A group of Charles Sturt University (CSU) students has a new understanding of production, cultural and animal welfare aspects of a key beef export market, after a tour of Indonesia.
The ten students from CSU's School of Animal and Veterinary Sciences in Wagga Wagga also visited Padjadjaran and Gadjah Mada Universities to learn about their courses and host animal welfare workshops for Indonesian students.
CSU Professor of Animal Production, Peter Wynn accompanied the students on the two-week tour which was funded by the Australian Government's New Colombo Plan.
"The students were given a rare insight into major feedlots fattening cattle from Northern Australia, the halal method of slaughter, facilities used to process these cattle and then the wet markets through which most beef moves to the consumer in Indonesia," he said.
"We were shown how beef cattle are reared in villages across Java in a share-farming production system between an urban investor and a farmer whose job it is to feed and look after the animals.
"The team monitored carefully the ritual halal slaughter procedure conducted without stunning and noted that suffering of animals was minimised."
Bachelor of Veterinary Science student Mr Elliot O'Farrell has a particular interest in the northern beef industry and hopes to spend time on a live export vessel.

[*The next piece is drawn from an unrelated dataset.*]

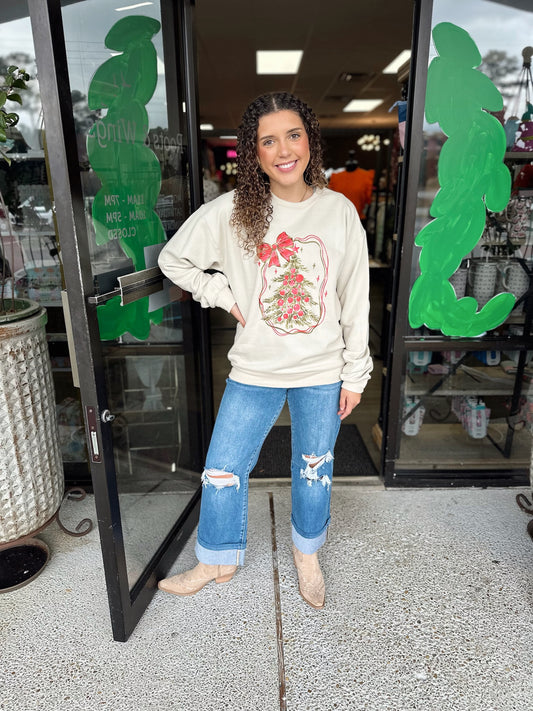Christmas Tree Bow Crewneck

"I now have new insight into how the Indonesian industry is so heavily influenced by both culture and religious practices. The Indonesians' value their cattle and the animal welfare practices observed were of a high standard," he said.
"We also ran discussion groups with Indonesian students and exchanged ideas about how we can benefit their industry if they improve the animal welfare and re-educate both the farmers, the wives and the children together."
Professor Wynn said the tour also highlighted the differences between the two countries in terms of beef quality and marketing.
"Meat quality as we know it in Australia is very different to the understanding of our Indonesian neighbours. 80 per cent of Indonesia's beef is ground and converted into spiced meat balls, called Bakso balls," he said.
"Consumers can still purchase meat which had been slaughtered just hours before sale and typically pay the equivalent of $9 per kilogram, irrespective of whether the meat comes from the shin or the tenderloin."
Bachelor of Animal Science student Mr Andrew Carlyon said, "Before going on this trip, I had very little understanding of the Indonesian cattle industry, so I learnt a lot about the systems that are used in Indonesia, how Australian cattle are processed and how the Australian and Indonesian governments support the industry".
The students were addressed by Australia's Ambassador to Indonesia Mr Greg Moriarty, who talked about the strategic importance of the New Colombo Plan and the CSU visit to Indonesian – Australian relations.
"There are now ten students with a detailed knowledge of how meat is produced and marketed in Indonesia. This will help in our ongoing co-operation in trade and development of the beef industries of both countries," said Professor Wynn.
Bachelor of Veterinary Science student Ms Madeline Reid said the tour has prompted her to think more deeply about how Australia can work with our northern neighbour.
"After working with some Indonesian students, as well as having the opportunity to discuss the beef cattle industry with a number of different farmers, I believe that Australia must help to educate the younger generations on animal production and welfare, as well as share our knowledge and new ideas," she said.
"Another major highlight was being able to use my Indonesian language and embrace the Indonesian way of life and meeting so many new and welcoming people."
The tour was supported by CSU Global, which encourages students to undertake a range of international study opportunities.